§ Data shown
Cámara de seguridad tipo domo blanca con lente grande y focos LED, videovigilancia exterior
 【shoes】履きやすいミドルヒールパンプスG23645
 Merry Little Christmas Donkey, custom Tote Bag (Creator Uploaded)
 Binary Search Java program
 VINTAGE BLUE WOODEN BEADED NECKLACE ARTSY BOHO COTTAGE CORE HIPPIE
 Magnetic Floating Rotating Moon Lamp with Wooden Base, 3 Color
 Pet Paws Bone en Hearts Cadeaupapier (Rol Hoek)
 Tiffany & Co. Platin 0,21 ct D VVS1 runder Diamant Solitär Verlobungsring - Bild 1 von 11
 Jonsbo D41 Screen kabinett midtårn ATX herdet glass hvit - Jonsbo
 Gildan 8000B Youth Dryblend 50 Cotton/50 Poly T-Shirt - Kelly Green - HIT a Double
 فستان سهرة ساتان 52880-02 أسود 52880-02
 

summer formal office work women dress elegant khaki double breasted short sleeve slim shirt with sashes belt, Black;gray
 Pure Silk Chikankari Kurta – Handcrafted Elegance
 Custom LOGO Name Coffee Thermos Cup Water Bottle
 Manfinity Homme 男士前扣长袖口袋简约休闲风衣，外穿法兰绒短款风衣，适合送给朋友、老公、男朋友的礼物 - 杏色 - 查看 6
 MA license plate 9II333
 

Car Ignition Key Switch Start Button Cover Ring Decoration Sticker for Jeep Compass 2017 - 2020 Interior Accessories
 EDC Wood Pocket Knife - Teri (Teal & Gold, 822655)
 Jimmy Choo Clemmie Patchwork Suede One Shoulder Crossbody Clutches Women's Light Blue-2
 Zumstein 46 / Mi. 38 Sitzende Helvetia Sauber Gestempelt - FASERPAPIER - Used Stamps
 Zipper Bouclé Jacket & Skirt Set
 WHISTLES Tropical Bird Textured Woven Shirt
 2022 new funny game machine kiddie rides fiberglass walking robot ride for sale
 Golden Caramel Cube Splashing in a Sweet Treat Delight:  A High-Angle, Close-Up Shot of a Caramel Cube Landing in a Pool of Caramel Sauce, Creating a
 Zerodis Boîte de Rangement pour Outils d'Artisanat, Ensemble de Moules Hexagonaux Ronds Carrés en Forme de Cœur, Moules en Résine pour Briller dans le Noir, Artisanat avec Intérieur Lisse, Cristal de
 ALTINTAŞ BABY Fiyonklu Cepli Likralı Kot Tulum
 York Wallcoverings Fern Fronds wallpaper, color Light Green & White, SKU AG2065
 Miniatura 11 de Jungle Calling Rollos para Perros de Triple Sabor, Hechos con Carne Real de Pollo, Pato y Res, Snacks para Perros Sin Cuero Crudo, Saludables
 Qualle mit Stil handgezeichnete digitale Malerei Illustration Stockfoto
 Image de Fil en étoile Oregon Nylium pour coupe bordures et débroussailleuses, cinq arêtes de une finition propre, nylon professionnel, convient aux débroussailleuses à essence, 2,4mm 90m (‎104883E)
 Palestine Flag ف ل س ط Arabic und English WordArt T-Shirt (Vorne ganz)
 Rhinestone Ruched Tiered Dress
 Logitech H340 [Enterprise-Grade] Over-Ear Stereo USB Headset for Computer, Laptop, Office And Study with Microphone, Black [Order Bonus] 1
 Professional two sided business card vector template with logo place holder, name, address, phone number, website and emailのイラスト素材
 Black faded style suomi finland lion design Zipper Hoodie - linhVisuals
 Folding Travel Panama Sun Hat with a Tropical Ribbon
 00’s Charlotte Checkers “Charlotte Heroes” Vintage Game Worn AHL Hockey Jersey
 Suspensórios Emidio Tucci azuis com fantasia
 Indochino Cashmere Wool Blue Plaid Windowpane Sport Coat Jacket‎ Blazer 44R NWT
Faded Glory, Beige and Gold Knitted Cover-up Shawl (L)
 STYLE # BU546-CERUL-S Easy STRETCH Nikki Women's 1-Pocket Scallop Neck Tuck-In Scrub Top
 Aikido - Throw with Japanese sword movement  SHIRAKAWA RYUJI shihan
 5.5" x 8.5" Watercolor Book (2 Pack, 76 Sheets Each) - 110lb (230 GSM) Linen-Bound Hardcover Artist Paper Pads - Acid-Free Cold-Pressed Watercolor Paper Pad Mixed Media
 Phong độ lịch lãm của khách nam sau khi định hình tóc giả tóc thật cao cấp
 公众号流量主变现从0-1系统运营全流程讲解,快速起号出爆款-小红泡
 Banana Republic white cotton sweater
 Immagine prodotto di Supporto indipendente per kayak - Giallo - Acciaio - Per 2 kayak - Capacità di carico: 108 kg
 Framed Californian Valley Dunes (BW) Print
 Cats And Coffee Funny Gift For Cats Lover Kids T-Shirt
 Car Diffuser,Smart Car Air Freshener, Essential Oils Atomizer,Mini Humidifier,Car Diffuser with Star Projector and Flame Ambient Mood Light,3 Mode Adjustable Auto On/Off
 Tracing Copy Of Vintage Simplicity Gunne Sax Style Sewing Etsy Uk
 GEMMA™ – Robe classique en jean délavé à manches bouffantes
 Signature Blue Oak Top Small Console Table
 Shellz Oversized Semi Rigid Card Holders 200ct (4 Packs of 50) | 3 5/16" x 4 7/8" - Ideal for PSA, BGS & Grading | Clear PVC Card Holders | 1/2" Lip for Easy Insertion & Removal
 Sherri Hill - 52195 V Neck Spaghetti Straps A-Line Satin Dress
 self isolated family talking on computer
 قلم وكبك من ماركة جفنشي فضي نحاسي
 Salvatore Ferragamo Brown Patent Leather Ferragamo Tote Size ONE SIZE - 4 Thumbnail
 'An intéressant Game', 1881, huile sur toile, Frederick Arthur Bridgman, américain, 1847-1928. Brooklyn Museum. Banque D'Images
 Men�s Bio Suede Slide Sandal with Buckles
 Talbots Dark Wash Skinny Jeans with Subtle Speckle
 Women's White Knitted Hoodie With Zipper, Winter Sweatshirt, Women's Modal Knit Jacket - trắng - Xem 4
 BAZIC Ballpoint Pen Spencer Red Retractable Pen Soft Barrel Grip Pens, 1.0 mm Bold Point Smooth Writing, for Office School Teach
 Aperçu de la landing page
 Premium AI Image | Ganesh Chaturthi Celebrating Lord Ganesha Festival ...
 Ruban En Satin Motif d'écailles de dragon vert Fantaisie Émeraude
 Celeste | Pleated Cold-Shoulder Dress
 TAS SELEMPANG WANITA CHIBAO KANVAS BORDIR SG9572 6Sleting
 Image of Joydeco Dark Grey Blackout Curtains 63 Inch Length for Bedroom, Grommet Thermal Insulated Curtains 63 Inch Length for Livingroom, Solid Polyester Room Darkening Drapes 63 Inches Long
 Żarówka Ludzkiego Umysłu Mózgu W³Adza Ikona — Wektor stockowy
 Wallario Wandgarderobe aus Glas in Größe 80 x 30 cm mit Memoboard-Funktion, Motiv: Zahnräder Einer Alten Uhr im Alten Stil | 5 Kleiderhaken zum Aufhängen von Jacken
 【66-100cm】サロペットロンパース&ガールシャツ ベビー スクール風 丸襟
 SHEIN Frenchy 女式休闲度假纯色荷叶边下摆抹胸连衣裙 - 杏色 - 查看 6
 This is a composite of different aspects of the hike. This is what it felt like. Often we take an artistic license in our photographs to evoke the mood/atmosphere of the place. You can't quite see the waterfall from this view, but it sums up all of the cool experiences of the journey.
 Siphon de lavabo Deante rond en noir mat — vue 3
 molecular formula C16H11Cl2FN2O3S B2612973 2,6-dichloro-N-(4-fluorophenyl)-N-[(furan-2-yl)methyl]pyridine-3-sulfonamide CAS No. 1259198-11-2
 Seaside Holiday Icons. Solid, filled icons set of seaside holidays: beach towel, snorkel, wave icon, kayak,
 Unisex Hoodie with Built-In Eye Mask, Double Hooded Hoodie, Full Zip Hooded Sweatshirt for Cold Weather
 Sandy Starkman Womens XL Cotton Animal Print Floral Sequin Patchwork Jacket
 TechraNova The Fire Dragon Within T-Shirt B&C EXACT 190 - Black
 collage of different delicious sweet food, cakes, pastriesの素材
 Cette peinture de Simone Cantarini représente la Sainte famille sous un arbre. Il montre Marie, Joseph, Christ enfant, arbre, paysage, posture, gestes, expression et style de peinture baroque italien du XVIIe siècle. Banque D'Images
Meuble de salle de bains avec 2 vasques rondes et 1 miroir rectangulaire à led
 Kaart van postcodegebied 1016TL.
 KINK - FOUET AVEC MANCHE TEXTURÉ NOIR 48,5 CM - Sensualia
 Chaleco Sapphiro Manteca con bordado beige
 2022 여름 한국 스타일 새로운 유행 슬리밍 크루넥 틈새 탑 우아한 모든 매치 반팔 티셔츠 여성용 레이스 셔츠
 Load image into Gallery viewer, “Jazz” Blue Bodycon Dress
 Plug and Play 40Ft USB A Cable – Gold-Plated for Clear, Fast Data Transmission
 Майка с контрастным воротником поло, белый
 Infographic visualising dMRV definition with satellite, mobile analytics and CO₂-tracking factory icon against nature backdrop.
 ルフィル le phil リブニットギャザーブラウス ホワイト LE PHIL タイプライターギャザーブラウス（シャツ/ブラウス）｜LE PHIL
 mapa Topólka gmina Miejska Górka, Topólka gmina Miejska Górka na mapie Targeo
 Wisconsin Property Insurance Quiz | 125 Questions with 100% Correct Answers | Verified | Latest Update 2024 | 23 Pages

§ What the task asks
Go to the line with "Framed Californian Valley Dunes (BW) Print" in the entries above and repeat every line from there through the line with "SHEIN Frenchy 女式休闲度假纯色荷叶边下摆抹胸连衣裙 - 杏色 - 查看 6", exactly and with no other text.

§ Task output
 Framed Californian Valley Dunes (BW) Print
 Cats And Coffee Funny Gift For Cats Lover Kids T-Shirt
 Car Diffuser,Smart Car Air Freshener, Essential Oils Atomizer,Mini Humidifier,Car Diffuser with Star Projector and Flame Ambient Mood Light,3 Mode Adjustable Auto On/Off
 Tracing Copy Of Vintage Simplicity Gunne Sax Style Sewing Etsy Uk
 GEMMA™ – Robe classique en jean délavé à manches bouffantes
 Signature Blue Oak Top Small Console Table
 Shellz Oversized Semi Rigid Card Holders 200ct (4 Packs of 50) | 3 5/16" x 4 7/8" - Ideal for PSA, BGS & Grading | Clear PVC Card Holders | 1/2" Lip for Easy Insertion & Removal
 Sherri Hill - 52195 V Neck Spaghetti Straps A-Line Satin Dress
 self isolated family talking on computer
 قلم وكبك من ماركة جفنشي فضي نحاسي
 Salvatore Ferragamo Brown Patent Leather Ferragamo Tote Size ONE SIZE - 4 Thumbnail
 'An intéressant Game', 1881, huile sur toile, Frederick Arthur Bridgman, américain, 1847-1928. Brooklyn Museum. Banque D'Images
 Men�s Bio Suede Slide Sandal with Buckles
 Talbots Dark Wash Skinny Jeans with Subtle Speckle
 Women's White Knitted Hoodie With Zipper, Winter Sweatshirt, Women's Modal Knit Jacket - trắng - Xem 4
 BAZIC Ballpoint Pen Spencer Red Retractable Pen Soft Barrel Grip Pens, 1.0 mm Bold Point Smooth Writing, for Office School Teach
 Aperçu de la landing page
 Premium AI Image | Ganesh Chaturthi Celebrating Lord Ganesha Festival ...
 Ruban En Satin Motif d'écailles de dragon vert Fantaisie Émeraude
 Celeste | Pleated Cold-Shoulder Dress
 TAS SELEMPANG WANITA CHIBAO KANVAS BORDIR SG9572 6Sleting
 Image of Joydeco Dark Grey Blackout Curtains 63 Inch Length for Bedroom, Grommet Thermal Insulated Curtains 63 Inch Length for Livingroom, Solid Polyester Room Darkening Drapes 63 Inches Long
 Żarówka Ludzkiego Umysłu Mózgu W³Adza Ikona — Wektor stockowy
 Wallario Wandgarderobe aus Glas in Größe 80 x 30 cm mit Memoboard-Funktion, Motiv: Zahnräder Einer Alten Uhr im Alten Stil | 5 Kleiderhaken zum Aufhängen von Jacken
 【66-100cm】サロペットロンパース&ガールシャツ ベビー スクール風 丸襟
 SHEIN Frenchy 女式休闲度假纯色荷叶边下摆抹胸连衣裙 - 杏色 - 查看 6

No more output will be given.